Genetic Aspects of Alpha Mannosidosis

 

bullet3.gif (880 bytes) What is known about heritance and the gene coding for mannosidase?

The disease is inherited autosomal recessive which means that one of four children are affected -in average and that both sexes are likely affected. The gene is located at chromosome 19 as found by previous mapping. Until recently, little has been known about the genetic nature of mannosidosis. The correct gene sequence was first reported to the Gene Databank in June (Nilssen) and July (Moremen) in 1996 by two independent research groups.
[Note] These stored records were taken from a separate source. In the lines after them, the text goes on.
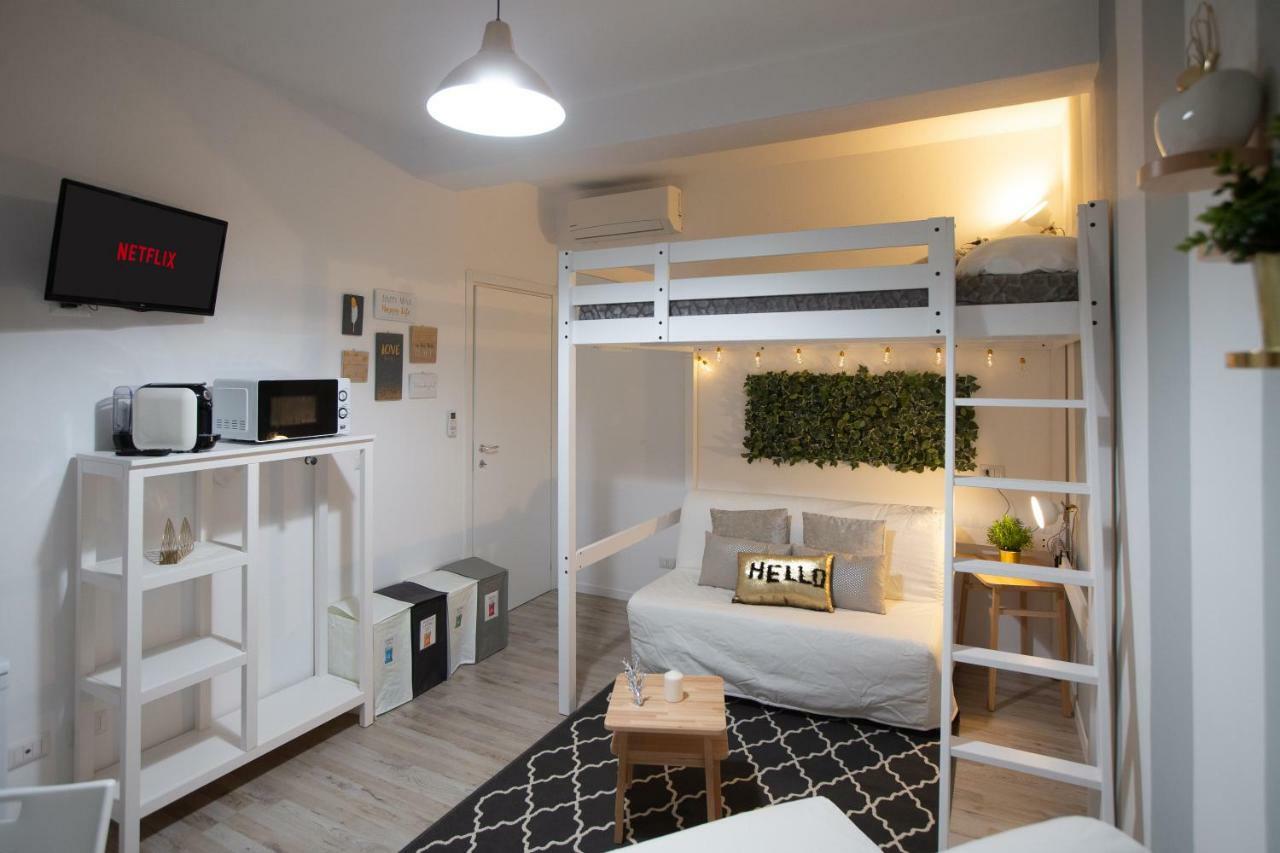 Apartment Via Treviso 6 Милано Екстериор снимка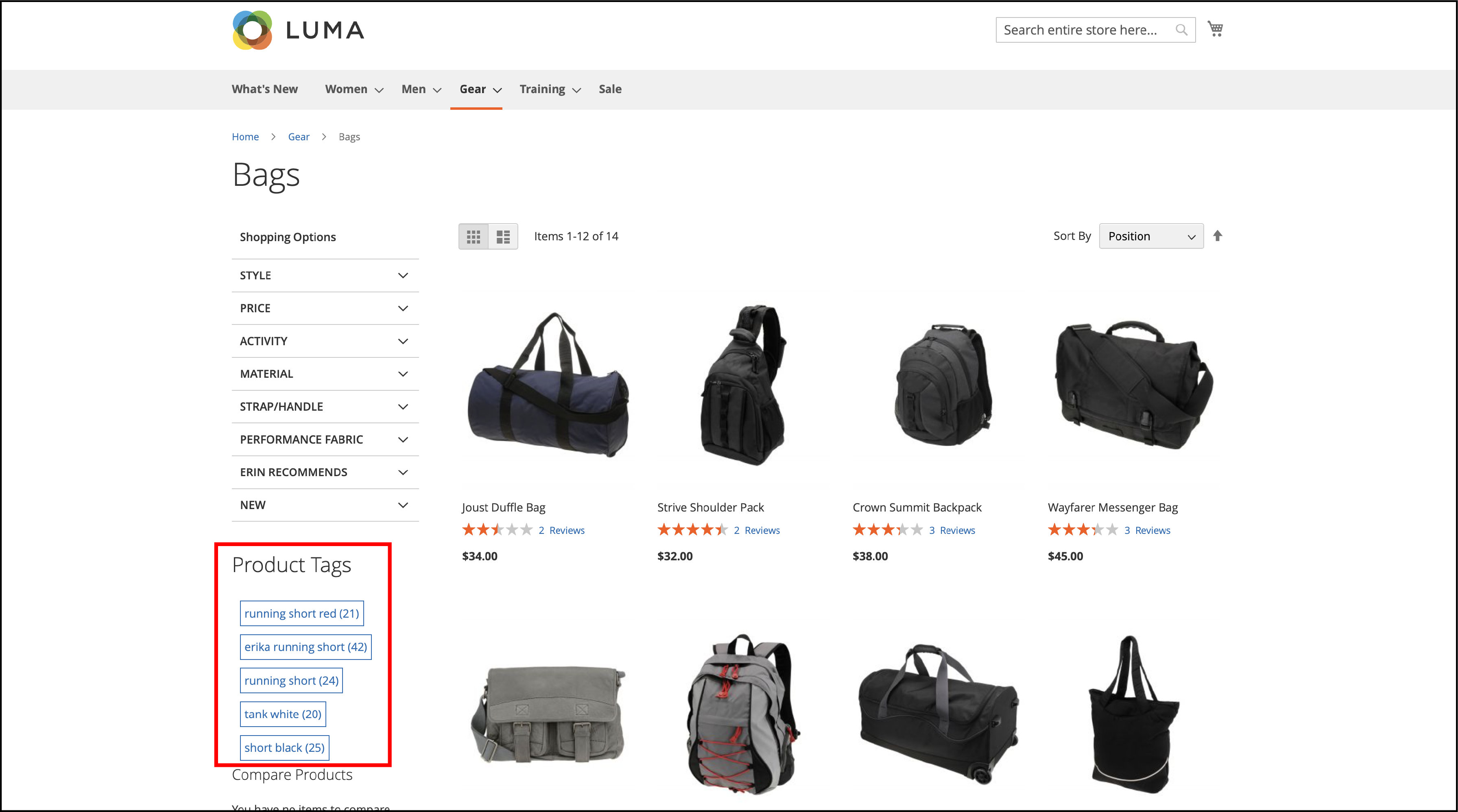 Landofcoder product tag extension- How to Add Product Tags in Magento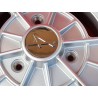 1 pc. wheel Renault Alpine 5x13 ET24 3x150 silver R12, R15, R16, R17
The gene contains approx. 3.300 nucleotides, called base pairs (bp), coding for about 1.100 amino acids. In 1995 Nilssen reported the first disease causing mutation in the fibroblasts from two siblings with mannosidosis in a highly inbred Palestinian family published in 1997. In these two patients, the cause of the disease is a point mutation at the gene, with the nucleotide Adenine substituted with Thymidin. This transfers the positively charged amino acid Histidin into the nonpolar aliphatic amino acid Leucine. Thus, a change in less than 1 promille of the of the amino acids is enough to cause malfunction of the enzyme. Since then, several genetic causes to the disease is found in man.

Illustration: Genetic map of mutations in Alpha Mannosidosis
Illustration: Geographic map of mutations in Alpha Mannosidosis

bullet3.gif (880 bytes) Are all parts of the enzyme equally important?

Tollersrud et al. has determined the amino acid sequence and enzyme structure in a number of different species. When comparing species, many of the human and the bovine mutations found are located to a highly "conserved" region of the mannosidase polypeptide for several species like man, cattle, cat, whale, bird, cod and slime mould. Conserved means that the amino acid sequence is identical in a large number of very different species. This indicates that these regions are very important for the enzyme function.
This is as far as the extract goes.